Startup general interest

Beware the halo effect

By October 19, 2009 4 Comments


There is a good piece in the Economist today on how misleading first impressions can lead to bad decisions due to the halo effect, particularly in recruitment and when assessing company performance.

First a definition:

[The halo effect] is the phenomenon whereby we assume that because people are good at doing A they will be good at doing B, C and D (or the reverse—because they are bad at doing A they will be bad at doing B, C and D). The phrase was first coined by Edward Thorndike, a psychologist who used it in a study published in 1920 to describe the way that commanding officers rated their soldiers. He found that officers usually judged their men as being either good right across the board or bad. There was little mixing of traits; few people were said to be good in one respect but bad in another.

It is pretty obvious that in practice the truth is more nuanced, very few people are good at everything.  This phenomena is particularly relevant for startups where senior execs have to wear many hats (as an aside – in my opinion the many hats aspect of startups puts a premium on raw ability over experience, hard to assess as it may be).  The widespread negative impact of the halo effect on startups was noted in the Harvard Business Review in 2002 (also from the Economist):

In our experience, CEOs, presidents, executive VPs and other top-level people often fall into the trap of making decisions about candidates based on lopsided or distorted information … Frequently they fall prey to the halo effect: overvaluing certain attributes while undervaluing others.
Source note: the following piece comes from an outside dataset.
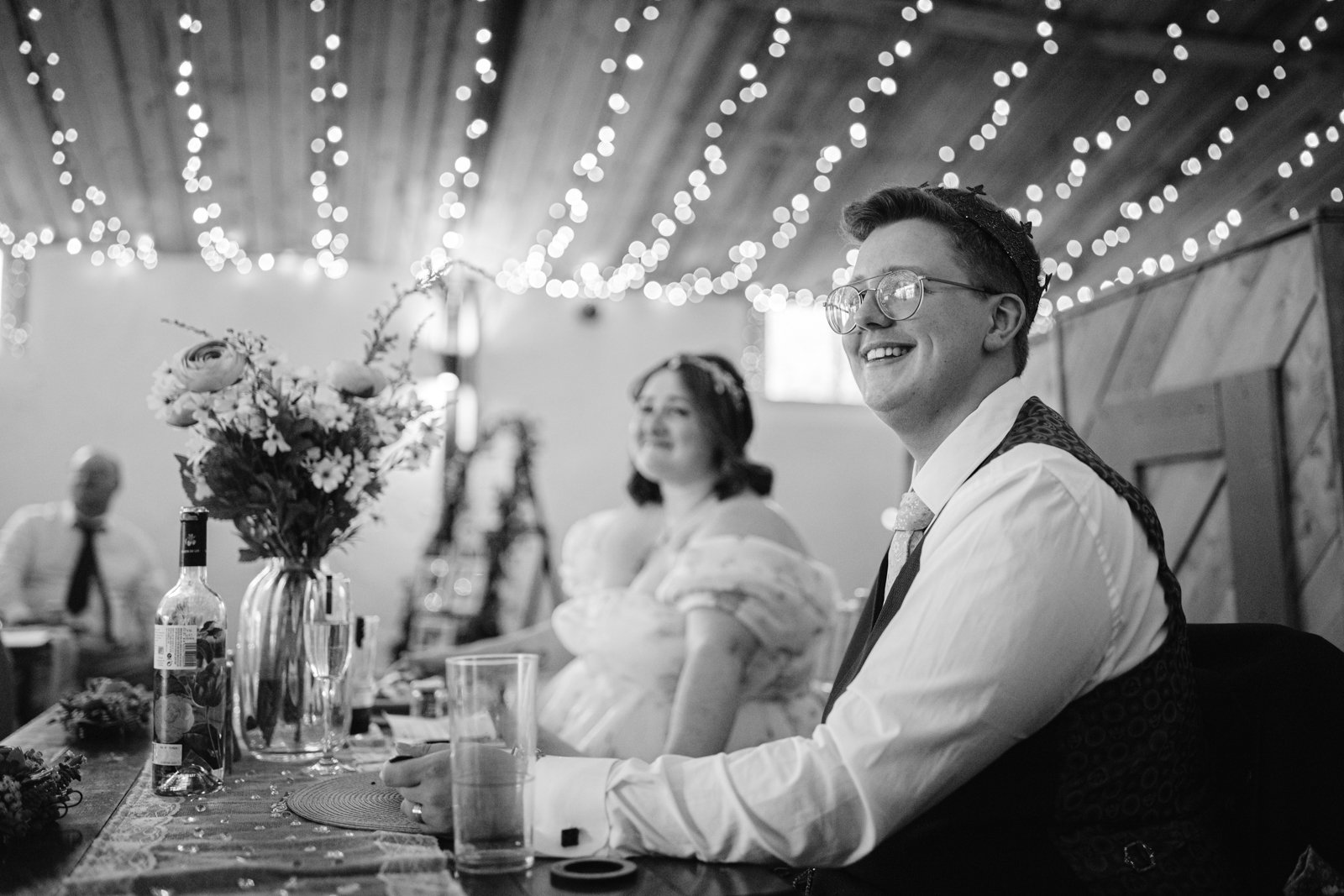 A couple dressed in wedding attire sits at a decorated table under string lights, with drinks and flowers in the foreground—perfect for a rustic farm wedding or an LGBT+ friendly celebration.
We also need to be aware of the halo effect when assessing successful startups, again from the Economist:

Much of our thinking about company performance is shaped by the halo effect … when a company is growing and profitable, we tend to infer that it has a brilliant strategy, a visionary CEO, motivated people, and a vibrant culture. When performance falters, we’re quick to say the strategy was misguided, the CEO became arrogant, the people were complacent, and the culture stodgy

Again the truth is more nuanced.  Even highly successful startups are like the proverbial curates egg – good in parts.  This is something that can get forgotten with other startups blindly copying elements of today’s hottest company.  Equally on the downside, most businesses that fail probably had some good parts to them, particularly if they were venture backed.  For this reason having been part of a failed company can still be a net positive on your CV if you were involved in the good stuff there.